The OASIS pilot study [67] randomized patients with an acute coronary syndrome without persistent ST elevation to a 72-h infusion of low-dose or medium-dose hirudin infusion or unfractionated heparin (UFH). Hirudin was associated with a reduction in the composite primary outcome of cardiovascular death, myocardial infarction, or refractory angina at 7 days, with a similar incidence of major bleeding. However, the study was not powered for clinical outcomes. In the follow-up OASIS-2 trial, patients with ACS were randomized to medium-dose hirudin or heparin for 72 h. Hirudin was associated with a significantly increased risk of major bleeding compared with UFH [68]. Several large randomized trials followed to evaluate hirudin as an adjunct to thrombolytic therapy in patients with ACS but were terminated because of unacceptably high rates of major hemorrhage [67–71].
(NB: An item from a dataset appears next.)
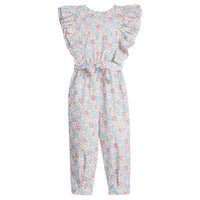 Girls/Tween woven jumpsuit that features ruffle detail along the front/sleeves, pockets, and a front tie with an open back. Jumpsuit has a beautiful pale yellow/pink/green/blue floral pattern and is a lightweight woven material for ultimate comfort.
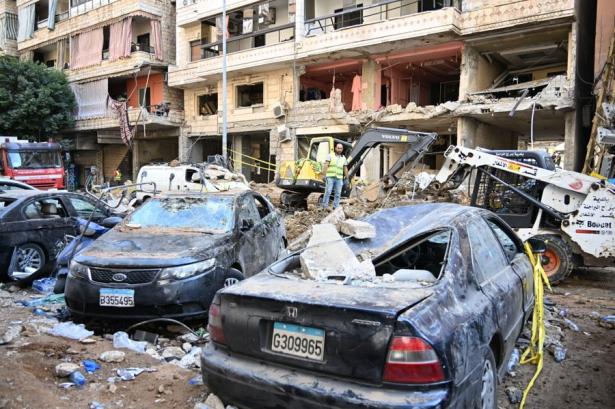 Two cars destroyed by an apparent bomb in from of destroyed buildings.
Given the bleeding complications, two of the trials, TIMI9A and GUSTO-IIb [67, 68], were restarted with lower doses of hirudin and UFH. The GUSTO-IIb trial showed a small reduction in the primary composite outcome of death or myocardial infarction with hirudin compared with heparin at 30 days. There was a reduction in death or myocardial infarction with hirudin during the first 24 h, and subgroup analysis suggested a highly significant 39 % reduction in death or myocardial infarction at 30 days in the hirudin-treated group. However, in the TIMI-9B trial, no benefit of hirudin over UFH was observed. Neither TIMI-9B nor GUSTO-IIb demonstrated an increase in major or intracranial bleeding with hirudin. Similarly, the HIT-4 trial failed to show any difference between clinical outcomes or major bleeding when comparing hirudin with heparin as adjunctive therapy to streptokinase in acute myocardial infarction [72].
Due to the lack of convincing evidence supporting efficacy of hirudin over heparin and the concern for intracranial bleeding, it was never approved for use in percutaneous coronary interventions. Its only clinical role remains as anticoagulation in patients with heparin-induced thrombocytopenia.
Argatroban
Argatroban is a synthetic, small-molecule direct thrombin inhibitor that is approved in the USA for prophylaxis or treatment of thrombosis in patients with heparin-induced thrombocytopenia (HIT) and for anticoagulation of HIT patients undergoing PCI [73]. Argatroban is parenteral and the polypeptide binds to and inhibits the active site of thrombin. Unlike bivalirudin, argatroban is predominantly eliminated through the liver and plasma concentrations are not influenced by renal function [72]. It has a rapid onset of action and a half-life of 45 min (extended to 2.5 h in patients with hepatic impairment) [74, 75]. Argatroban increases the activated partial thromboplastin time, prothrombin time, and thrombin clotting time in a dose-dependent manner. The activated partial thromboplastin time is commonly used to monitor its anticoagulant effects. Like bivalirudin, argatroban has no known reversal antidote.